Andre Lotterer: Ich bin ein bisschen aufgewacht. Letztes Jahr habe ich mich erst einmal in der Forme E integriert, während Jev am Höhepunkt war. Für mich war das nicht immer einfach, aber ich dachte: 'Okay, ich bleibe cool und versuche zu lernen'. Aber jetzt merke ich ja, dass ich vorne dabei sein kann. Das ist natürlich sehr motivierend und ich kämpfe wie alle anderen auch.

Wie ist es jetzt um deine Freundschaft mit Vergne bestellt?
Andre Lotterer: Wir sind Kumpels und respektieren uns auch. Abseits der Strecke sind wir Freunde. Und wenn es auf der Rennstrecke zwischen uns mal ordentlich hergehen sollte, dann wird sich das Team schon melden...

Durch die beiden Podestplätze in Rom und Paris führst du weiter die spezielle Wertung der fünf Europa-Rennen an. Wie wichtig ist es dir, Führender in der 'voestalpine European Races' zu sein?
Andre Lotterer: Es ist ein tolles Gefühl, diese Wertung anzuführen. Nach meinem zweiten Podestplatz in Paris durfte ich die einzigartige Trophäe schon kurz in den Händen halten und freue mich, als Führender zu meinem Heimrennen in Berlin zu reisen. Mein Ziel ist es jetzt, auch beim Finale in Bern ganz oben zu stehen und der erste Gesamtsieger in der Geschichte der 'voestalpine European Races' zu sein.

Andre Lotterer mit der voestalpine European Races Trophäe im speziellen 3D-Druck, Foto: LAT Images
Andre Lotterer mit der voestalpine European Races Trophäe im speziellen 3D-Druck, Foto: LAT Images

Warum geht es in der Formel E zwischen den einzelnen Teams so eng zu?
Andre Lotterer: Alle Teams haben dazugelernt im Vergleich zu den ersten Jahren, als nur drei oder vier Teams gecheckt haben, wie man das meiste Potenzial herausholen kann. Die Motor-Effizienz hält sich bei allen Herstellern in einem ähnlichen Raum. Das Quali-Format in dieser Saison kann man so oder so sehen. Zumindest startet man in der selben Gruppe mit den Leuten, mit denen man um die Meisterschaft kämpft. Das Format im vergangenen Jahr (Auslosung der Qualifying-Gruppen; d.Red.) war mehr Glückssache. Jetzt ist es schon irgendwie fair, wenn man mit den direkten Gegnern in einem Boot sitzt. Außerdem sind hier nur gute Fahrer, keiner kann sich extrem herauskristallisieren.

Seit dieser Saison gilt Techeetah durch die Partnerschaft mit DS Automobiles erstmals als Hersteller.

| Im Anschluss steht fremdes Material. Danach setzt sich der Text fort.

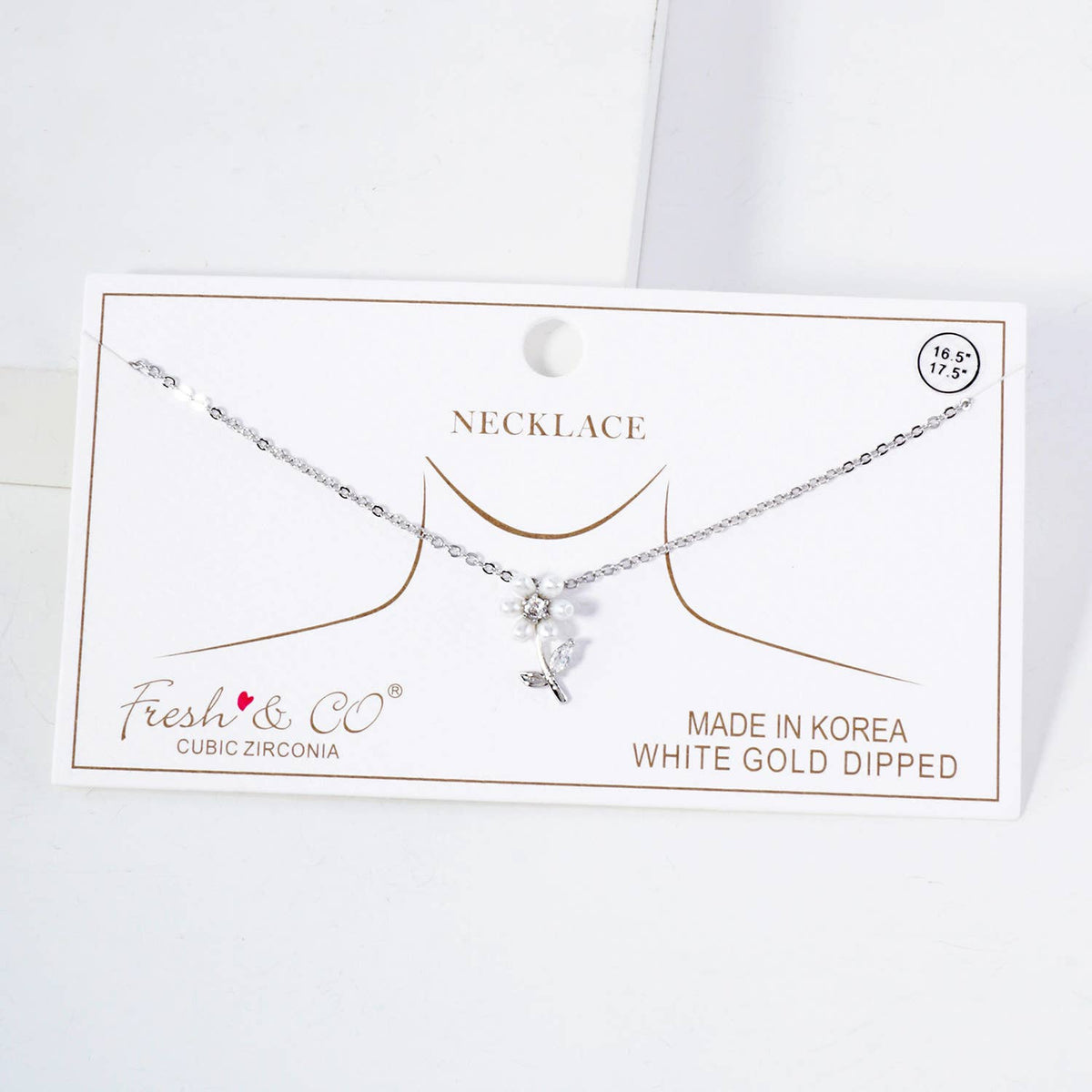 Botanical-Theme CZ Pearl Flower Pendant Necklace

Wie wichtig ist das?
Andre Lotterer: Das ist ein großer Unterschied, nachdem wir in der vergangenen Saison einen Motor von Renault gemietet hatten. Das Team ist gewachsen und vor allem standen uns diesmal die 15 Testtage für Hersteller zu. Da haben auch die Erfahrungen, die Jev und ich im Motorsport gesammelt haben, geholfen. Ein Riesenteil der Vorbereitung in der Formel E ist es, dass das Mapping stimmt und das Auto genau das macht, was du willst. Zudem haben wir mehr Ressourcen und können schneller etwas entwickeln. Ich halte es für den richtigen Weg, ein eigener Hersteller in der Formel E zu sein.

Darum fährt die Formel E nicht auf dem Monaco GP-Kurs: (09:23 Min.)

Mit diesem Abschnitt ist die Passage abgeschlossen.